## What the exercise asks
Beginning at the line that contains "John Rogers Checkers" and finishing at the line that contains "Load image into", output the data below exactly. Include both end lines and no pictures.

+ + + + +

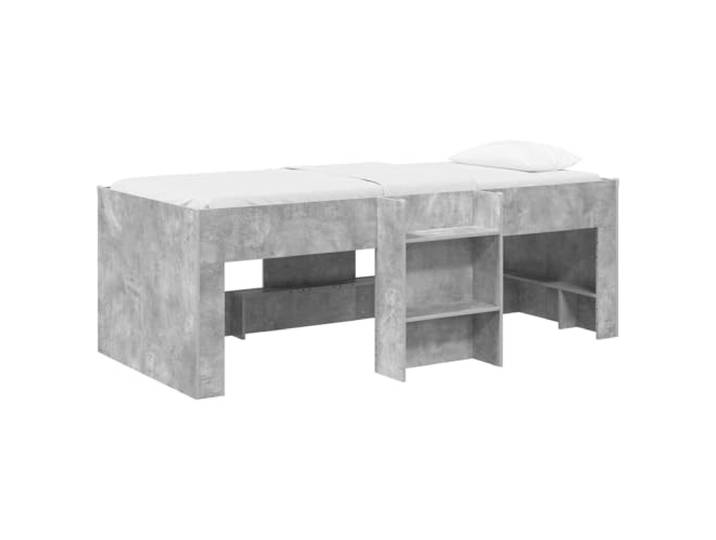 HFXHIJXQ Kinder Hochbett Betongrau 193 x96 x 68,5 cm Holzwerkstoff Platzsparendes Design für das Schlafzimmer mit integrierter Leiter, TPE-Eckenschutz und Freiraum für Spielbereich.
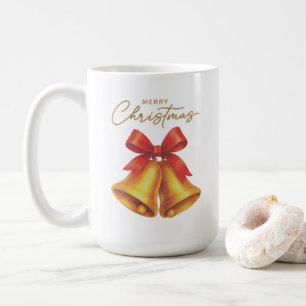 Klassische Red Ribbon und Gold Script Weihnachten Kaffeetasse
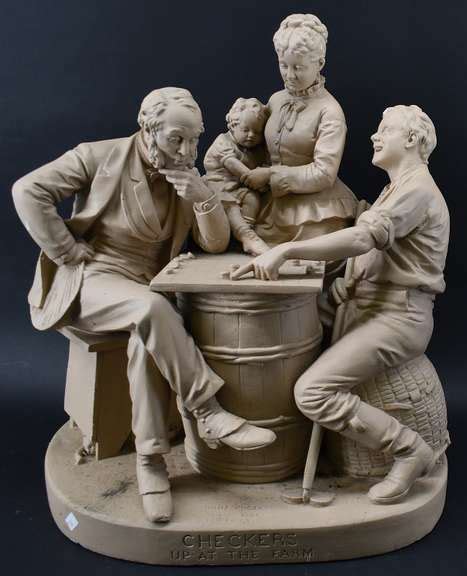 John Rogers Checkers Up At The Farm Plaster Statue Bhd Auctions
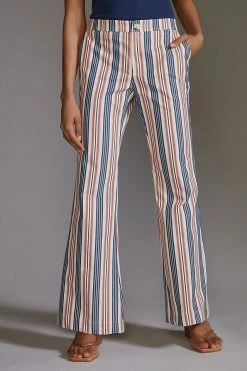 Budget ???? By Anthropologie Low-Rise Striped Flare Pants RED MOTIF ???? -PAIGE-shop unnamed file 4144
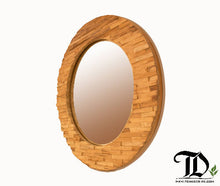 Load image into Gallery viewer, 3D Effect Round Mirror - Teak Wood - One off
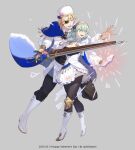  1boy 1girl alternate_costume blonde_hair blue_eyes book breasts byleth_(female)_(fire_emblem) byleth_(fire_emblem) cleavage dimitri_alexandre_blaiddyd eyepatch fire_emblem fire_emblem:_three_houses green_eyes high_heels highres holding holding_weapon long_sleeves magic medium_hair official_style pantyhose puffy_sleeves sword tachi_(tachibana) weapon 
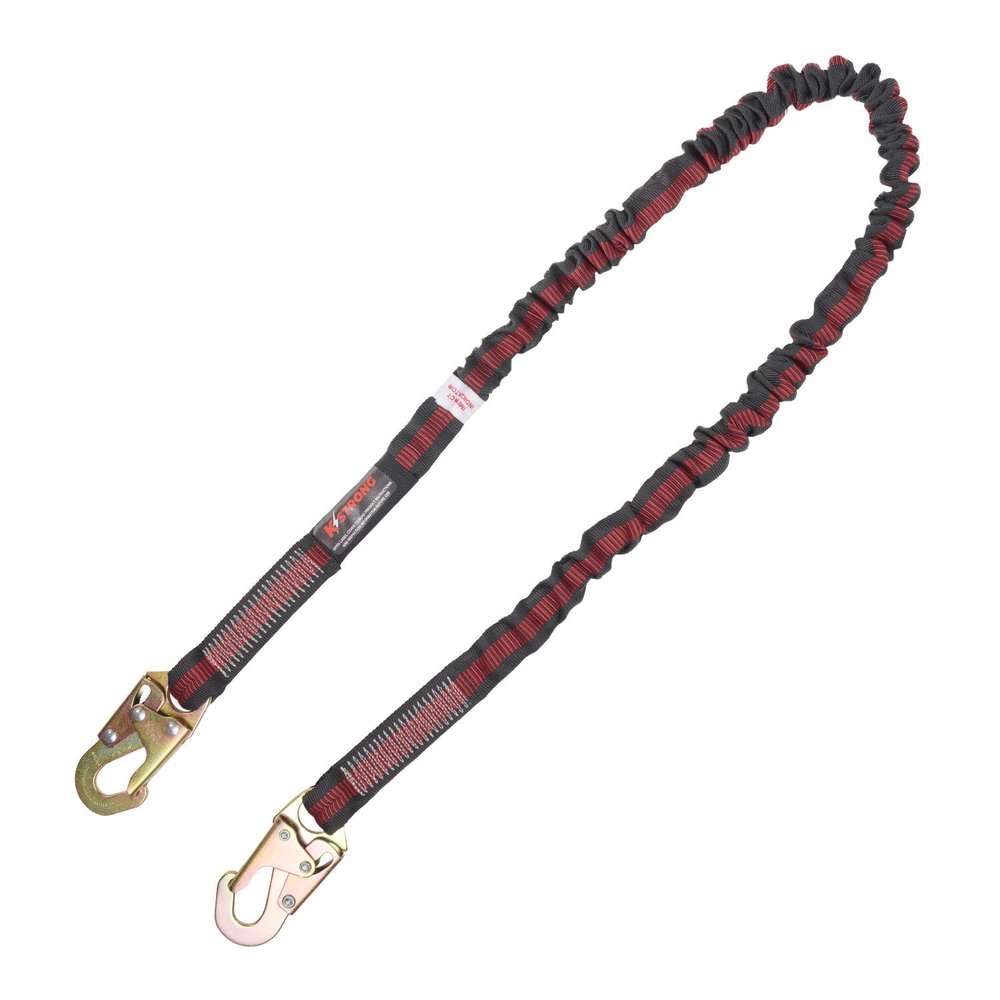 KStrong UFL204101 Internal Design Shock Absorbing Lanyard with 2 Snap Hooks, ANSI Compliant, 6-Ft, Black/Red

+ + + + +

## Solution to the exercise
 John Rogers Checkers Up At The Farm Plaster Statue Bhd Auctions
 Budget ???? By Anthropologie Low-Rise Striped Flare Pants RED MOTIF ???? -PAIGE-shop unnamed file 4144
 Load image into Gallery viewer, 3D Effect Round Mirror - Teak Wood - One off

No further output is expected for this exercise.